The Finance Ministry’s headquarters building in Tokyo.
10:33 JST, March 25, 2024
Tokyo (Jiji Press)—Japanese Vice Minister of Finance for International Affairs Masato Kanda on Monday warned against the yen’s recent weakness after the dollar hit a fresh four-month high versus the Japanese currency.
The recent movements of dollar-yen rates are “not in line with (economic) fundamentals,” Kanda told reporters. “There are clearly speculations behind the developments.”
“Against excessive fluctuations, we’ll take appropriate actions without excluding any means,” he said, adding that the government is “always ready” to take actions including currency market interventions.
“We’ve seen big fluctuations of dollar-yen rates, which moved 4 pct in just two weeks. We feel uncomfortable about that,” Kanda also said. “Speculation-driven excessive fluctuations negatively affect the national economy significantly and therefore cannot be tolerated.”

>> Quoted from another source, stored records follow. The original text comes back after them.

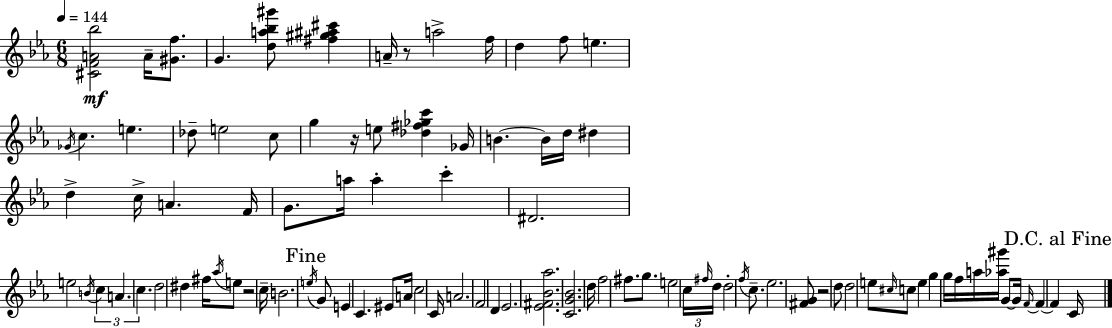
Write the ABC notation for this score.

X:1
T:Untitled
M:6/8
L:1/4
K:Eb
[^CFA_b]2 A/4 [^Gf]/2 G [da_b^g']/2 [^f^g^a^c'] A/4 z/2 a2 f/4 d f/2 e _G/4 c e _d/2 e2 c/2 g z/4 e/2 [_d^f_gc'] _G/4 B B/4 d/4 ^d d c/4 A F/4 G/2 a/4 a c' ^D2 e2 B/4 c A c d2 ^d ^f/4 _a/4 e/2 z2 c/4 B2 e/4 G/2 E C ^E/2 A/4 c2 C/4 A2 F2 D _E2 [_E^F_B_a]2 [CG_B]2 d/4 f2 ^f/2 g/2 e2 c/4 ^f/4 d/4 d2 f/4 c/2 _e2 [^FG]/2 z2 d/2 d2 e/2 ^c/4 c/2 e g g/4 f/4 a/4 [_a^g']/4 G/2 G/4 F/4 F F C/4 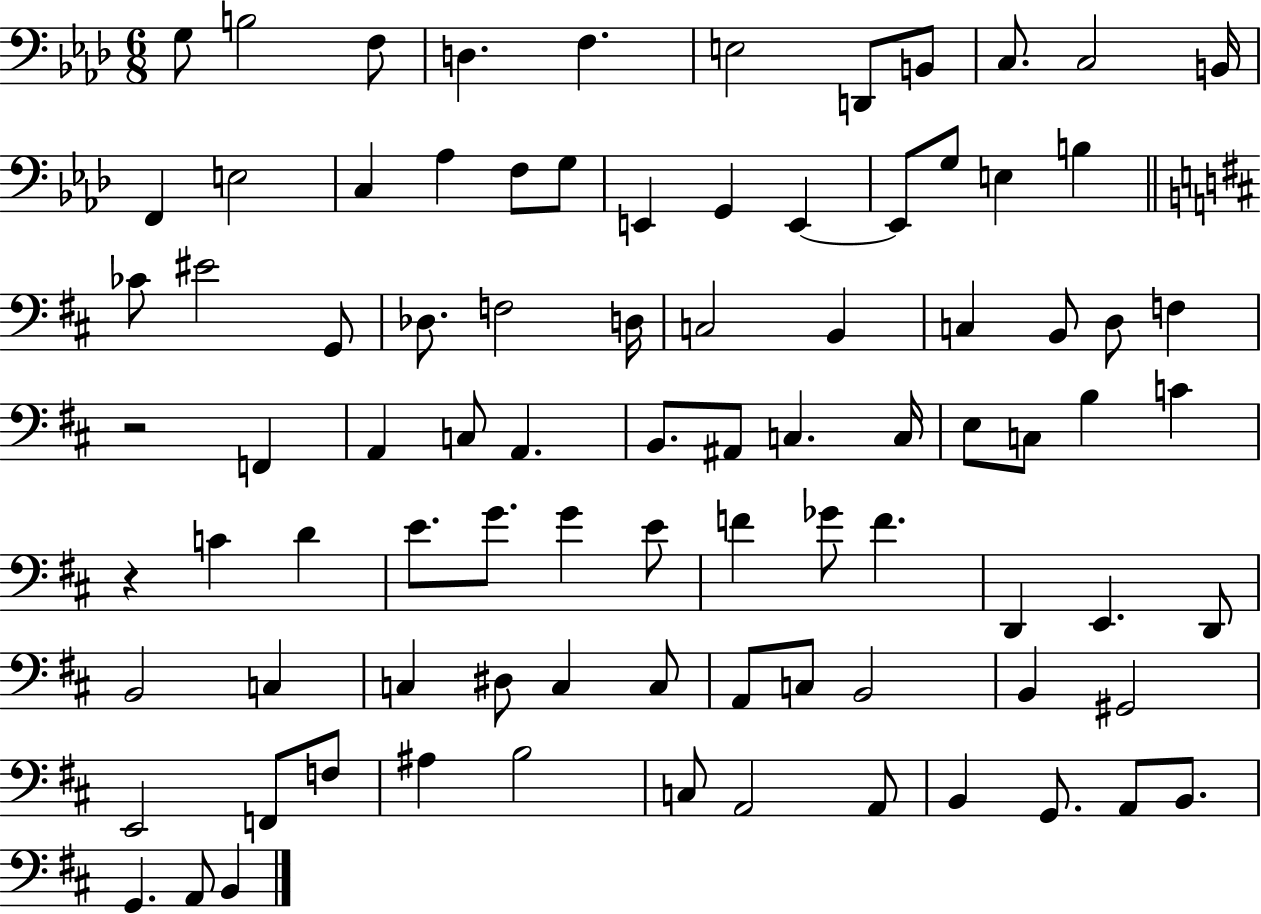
G3/e B3/h F3/e D3/q. F3/q. E3/h D2/e B2/e C3/e. C3/h B2/s F2/q E3/h C3/q Ab3/q F3/e G3/e E2/q G2/q E2/q E2/e G3/e E3/q B3/q CES4/e EIS4/h G2/e Db3/e. F3/h D3/s C3/h B2/q C3/q B2/e D3/e F3/q R/h F2/q A2/q C3/e A2/q. B2/e. A#2/e C3/q. C3/s E3/e C3/e B3/q C4/q R/q C4/q D4/q E4/e. G4/e. G4/q E4/e F4/q Gb4/e F4/q. D2/q E2/q. D2/e B2/h C3/q C3/q D#3/e C3/q C3/e A2/e C3/e B2/h B2/q G#2/h E2/h F2/e F3/e A#3/q B3/h C3/e A2/h A2/e B2/q G2/e. A2/e B2/e. G2/q. A2/e B2/q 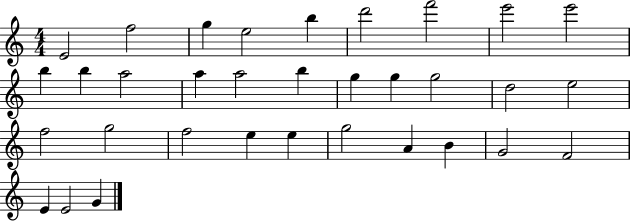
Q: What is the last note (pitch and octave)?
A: G4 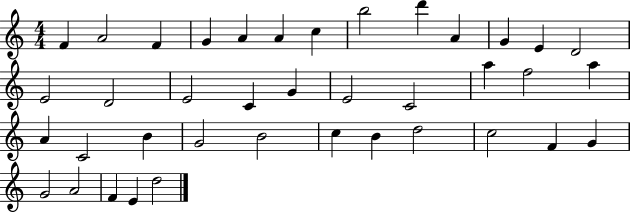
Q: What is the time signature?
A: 4/4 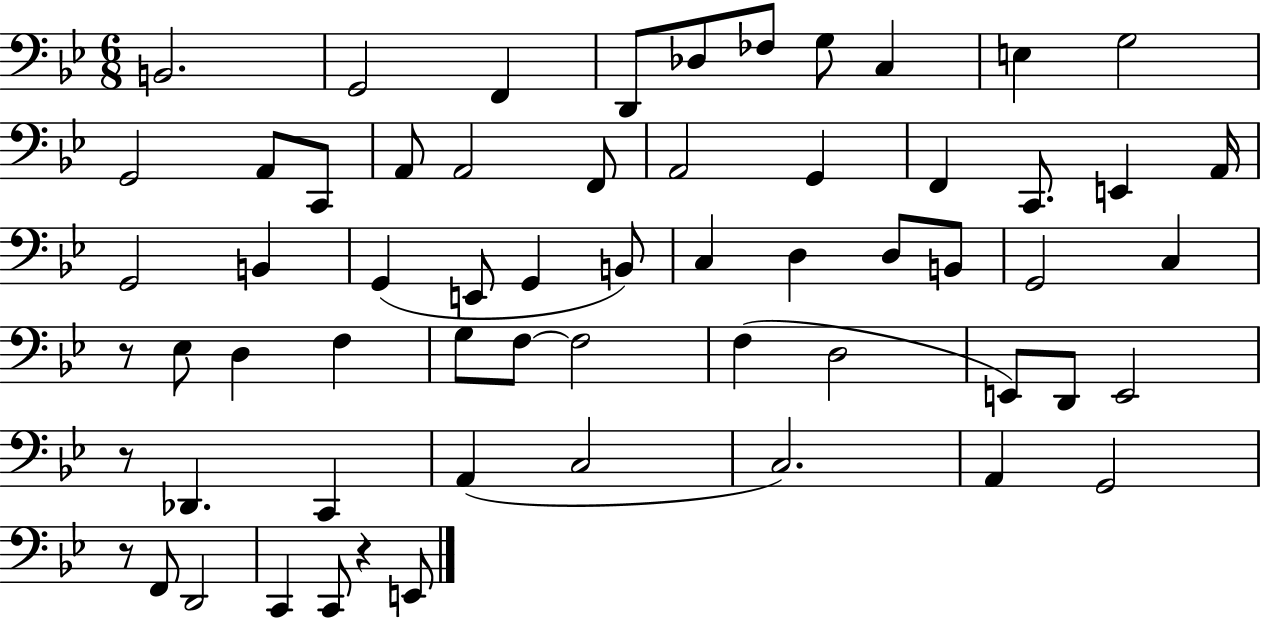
{
  \clef bass
  \numericTimeSignature
  \time 6/8
  \key bes \major
  b,2. | g,2 f,4 | d,8 des8 fes8 g8 c4 | e4 g2 | \break g,2 a,8 c,8 | a,8 a,2 f,8 | a,2 g,4 | f,4 c,8. e,4 a,16 | \break g,2 b,4 | g,4( e,8 g,4 b,8) | c4 d4 d8 b,8 | g,2 c4 | \break r8 ees8 d4 f4 | g8 f8~~ f2 | f4( d2 | e,8) d,8 e,2 | \break r8 des,4. c,4 | a,4( c2 | c2.) | a,4 g,2 | \break r8 f,8 d,2 | c,4 c,8 r4 e,8 | \bar "|."
}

Kanda made the remarks after the dollar hit a four-month high of ¥151.86 Friday, approaching a key level of ¥151.94 marked in October 2022, when Japan carried out so-called stealth interventions, buying yen to sell dollars without announcing the moves immediately.
The yen’s recent weakness reflects a view among market players that the Bank of Japan is unlikely to raise interest rates further anytime soon after scrapping its negative interest rate policy last week.
The dollar stood at ¥151.23-24 at 11 a.m. in Tokyo on Monday, down from ¥151.41-42 at 5 p.m. Friday.